Paterniano Del Favero
Luglio 11, 2018

Il ministro ha segnalato la possibilità di uno shock straordinario, ricordando la possibilità di essere costretti ad uscire dall'euro per volere di altri. "Per questo dobbiamo essere pronti a ogni evenienza". Lo ha detto il ministro degli Affari Europei Paolo Savona alle Commissioni Ue di Camera e Senato illustrando le linee programmatiche del suo dicastero. "La mia posizione del 'piano B' - ha aggiunto - che ha alterato la conoscenza e l'interpretazione delle mie idee, è essere pronti a ogni evento". "Mi ha insegnato che non ci si deve preparare a gestire la normalità, ma l'arrivo del cigno nero, lo choc". Si tratta di fatti imprevedibili ai quali solo a posteriori si cerca di dare un inquadramento razionale. Una posizione, quella dell'economista, che non rappresenta una sorpresa, anzi: si ricorderà che un mese e mezzo fa l'accordo di governo tra M5s e Lega ha rischiato di saltare proprio per il no del Colle al nome di Savona come ministro dell'Economia. Savona ha quindi annunciato un incontro oggi con il governatore della Bce, Mario Draghi. Prima volevo che la mia azione godesse della legittimazione democratica.

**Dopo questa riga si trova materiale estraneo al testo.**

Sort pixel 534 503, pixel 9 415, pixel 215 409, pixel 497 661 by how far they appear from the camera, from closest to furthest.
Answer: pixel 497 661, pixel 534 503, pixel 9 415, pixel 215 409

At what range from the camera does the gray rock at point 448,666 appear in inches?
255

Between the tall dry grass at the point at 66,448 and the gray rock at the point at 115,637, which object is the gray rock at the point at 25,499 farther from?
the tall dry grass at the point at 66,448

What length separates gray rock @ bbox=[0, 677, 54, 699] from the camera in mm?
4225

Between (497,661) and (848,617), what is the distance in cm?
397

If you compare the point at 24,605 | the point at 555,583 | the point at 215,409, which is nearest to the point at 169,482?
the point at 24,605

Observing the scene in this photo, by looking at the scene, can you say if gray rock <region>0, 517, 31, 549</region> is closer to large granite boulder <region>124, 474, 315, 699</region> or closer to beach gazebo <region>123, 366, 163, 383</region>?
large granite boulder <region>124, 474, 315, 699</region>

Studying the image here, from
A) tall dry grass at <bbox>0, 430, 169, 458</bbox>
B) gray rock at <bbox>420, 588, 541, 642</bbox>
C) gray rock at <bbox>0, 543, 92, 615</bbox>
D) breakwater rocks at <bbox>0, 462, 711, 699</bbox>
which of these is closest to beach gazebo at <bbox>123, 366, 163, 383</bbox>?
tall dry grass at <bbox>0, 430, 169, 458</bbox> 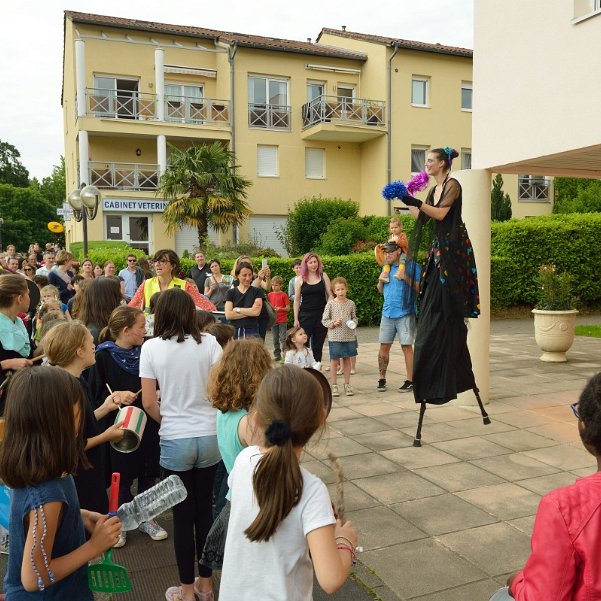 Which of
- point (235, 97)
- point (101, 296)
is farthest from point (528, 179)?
point (101, 296)

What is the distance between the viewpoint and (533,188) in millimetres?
31844

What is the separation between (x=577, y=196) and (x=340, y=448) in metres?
27.2

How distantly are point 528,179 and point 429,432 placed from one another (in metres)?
28.4

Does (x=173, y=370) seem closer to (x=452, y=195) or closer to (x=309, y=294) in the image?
(x=452, y=195)

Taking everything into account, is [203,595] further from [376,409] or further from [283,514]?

"Se alla Bce non viene consentito pieno e autonomo esercizio di prestatore di ultima istanza, i mercati monetari e finanziari dell'eurozona, in particolare i debiti sovrani, restano esposti ad attacchi speculativi di diversa origine senza che essa possa agire in contrasto".

Nel corso della sua audizione in parlamento, Savona ha indicato inoltre la necessità di potenziare i compiti della Bce. "Mi sembra che il ministro Di Maio abbia chiarito dicendo che non c'è un piano B, mi sembra un atto di grande responsabilità" dice il presidente Vincenzo Boccia, rispondendo ad una domanda sull'ipotetico 'piano B' sull'euro, dopo le parole del ministro Savona. Non possiamo immaginarlo nemmeno per un attimo. Il governo - ha aggiunto ancora - non vuole uscire dall'euro. "Se poi gli altri cercheranno di cacciarci non lo so, ma questo non è la nostra volontà, ne metteremo gli altri nelle condizioni di farlo". "Se siamo nell'Unione Monetaria - aggiunge il vicepremier - la Bce deve fare realmente come una banca europea, cambiando lo statuto in modo da atteggiarsi veramente da banca centrale".